<<<<
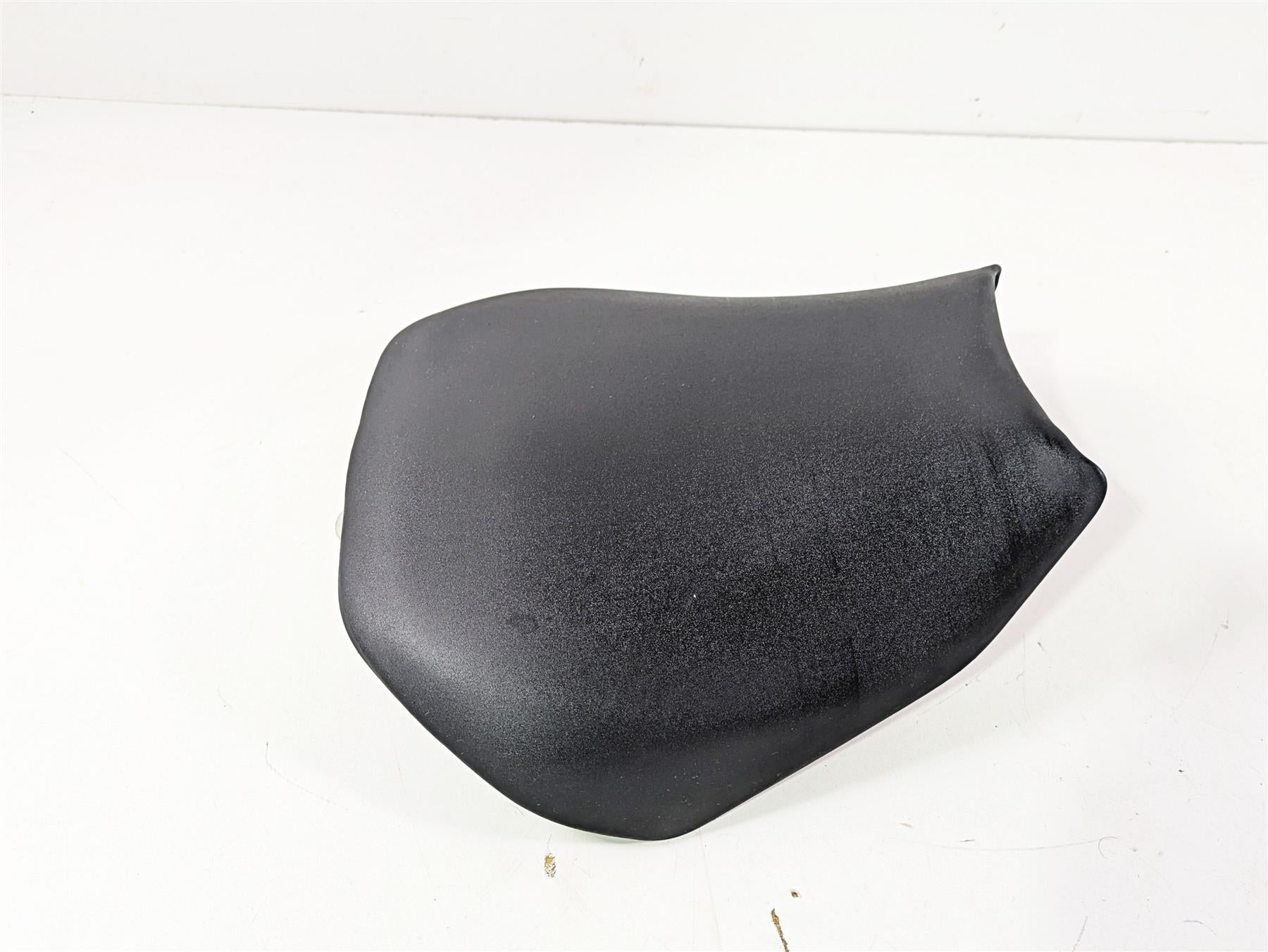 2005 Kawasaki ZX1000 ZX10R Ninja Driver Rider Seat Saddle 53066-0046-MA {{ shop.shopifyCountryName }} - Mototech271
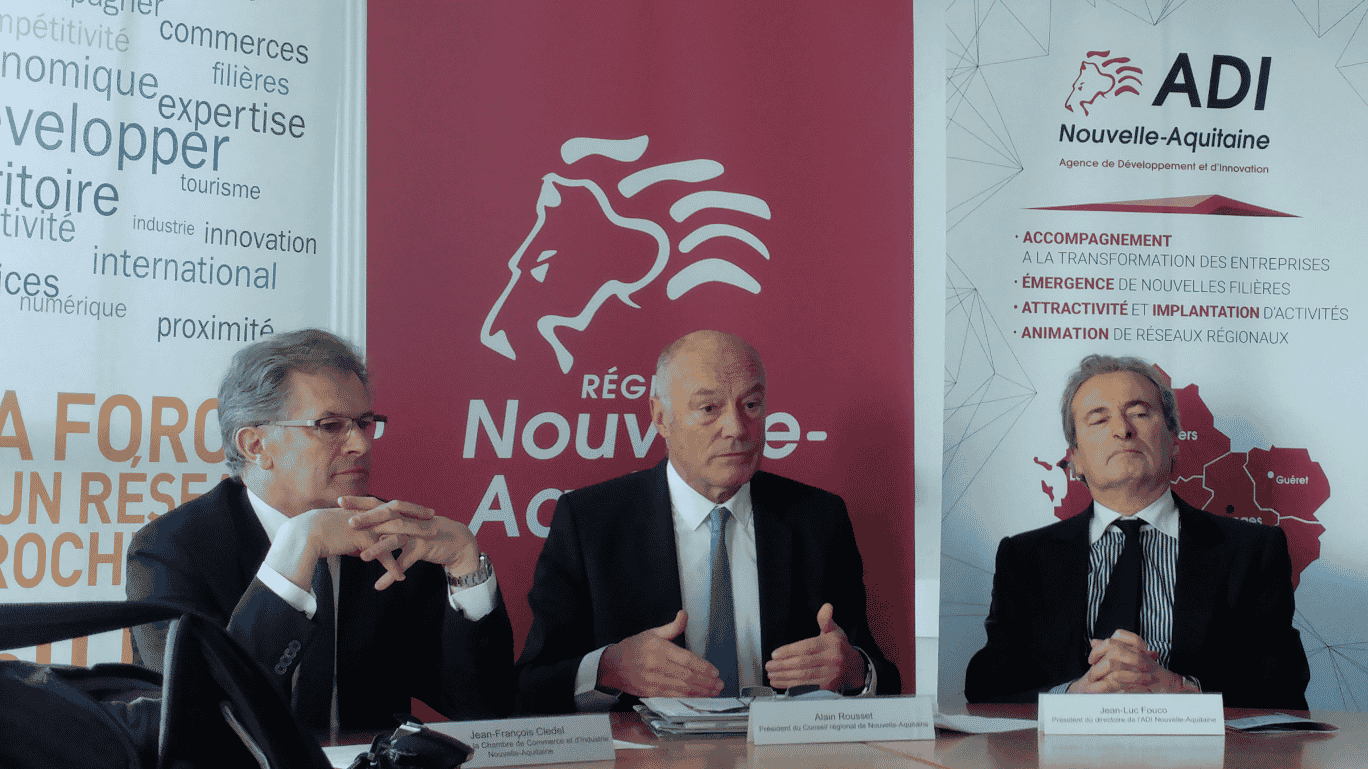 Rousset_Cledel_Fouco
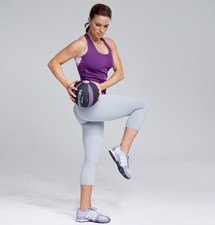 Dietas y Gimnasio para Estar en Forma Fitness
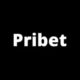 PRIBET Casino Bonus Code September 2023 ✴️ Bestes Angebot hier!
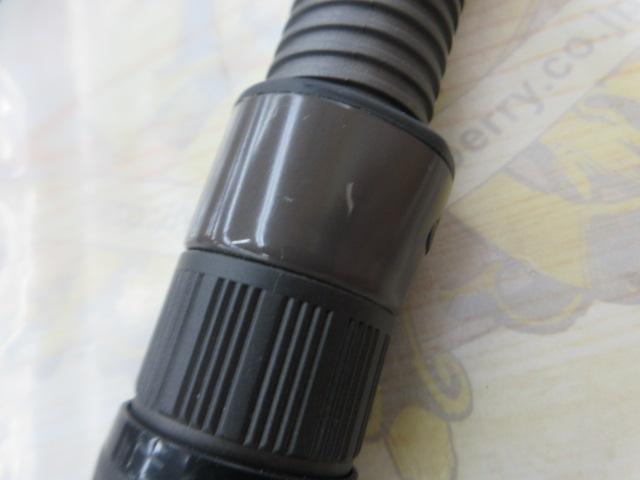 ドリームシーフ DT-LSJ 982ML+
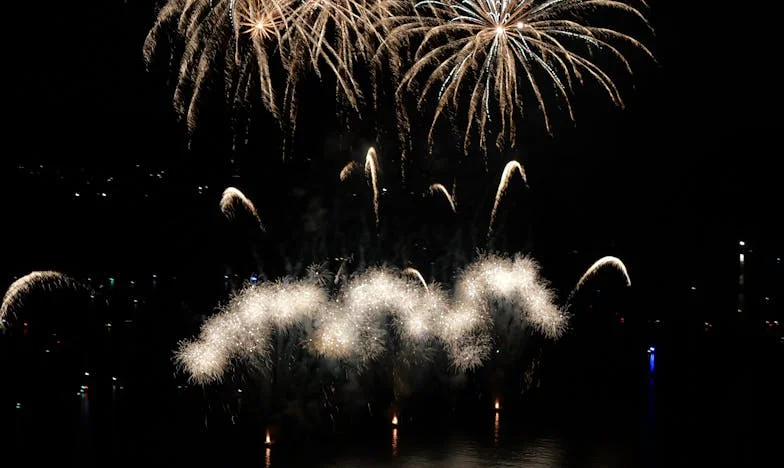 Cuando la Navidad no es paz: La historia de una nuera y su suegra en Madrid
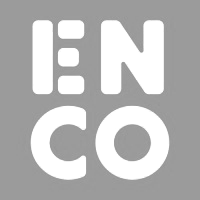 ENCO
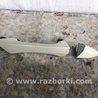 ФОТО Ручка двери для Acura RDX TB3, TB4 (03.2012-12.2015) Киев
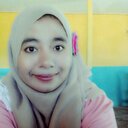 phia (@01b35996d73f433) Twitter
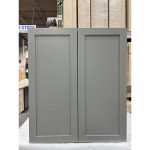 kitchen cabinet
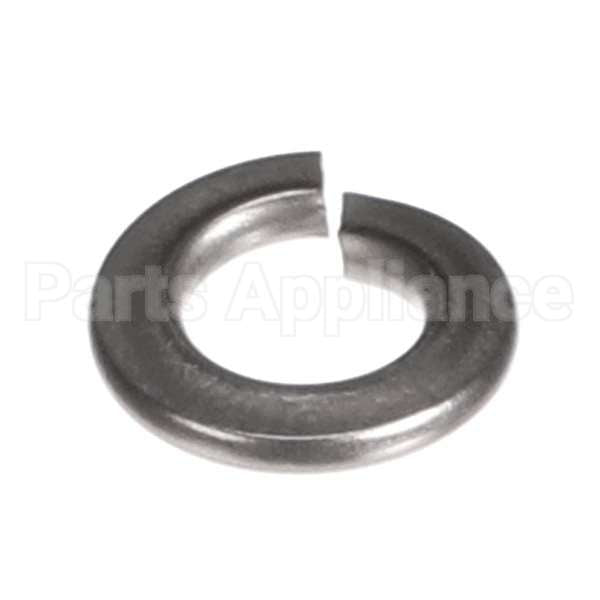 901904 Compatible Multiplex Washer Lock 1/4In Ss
>>>>
After locating the line that holds "Cuando la Navidad", output exactly the lines from it through the last line of the material above, inclusive, without pictures.

 Cuando la Navidad no es paz: La historia de una nuera y su suegra en Madrid
 ENCO
 ФОТО Ручка двери для Acura RDX TB3, TB4 (03.2012-12.2015) Киев
 phia (@01b35996d73f433) Twitter
 kitchen cabinet
 901904 Compatible Multiplex Washer Lock 1/4In Ss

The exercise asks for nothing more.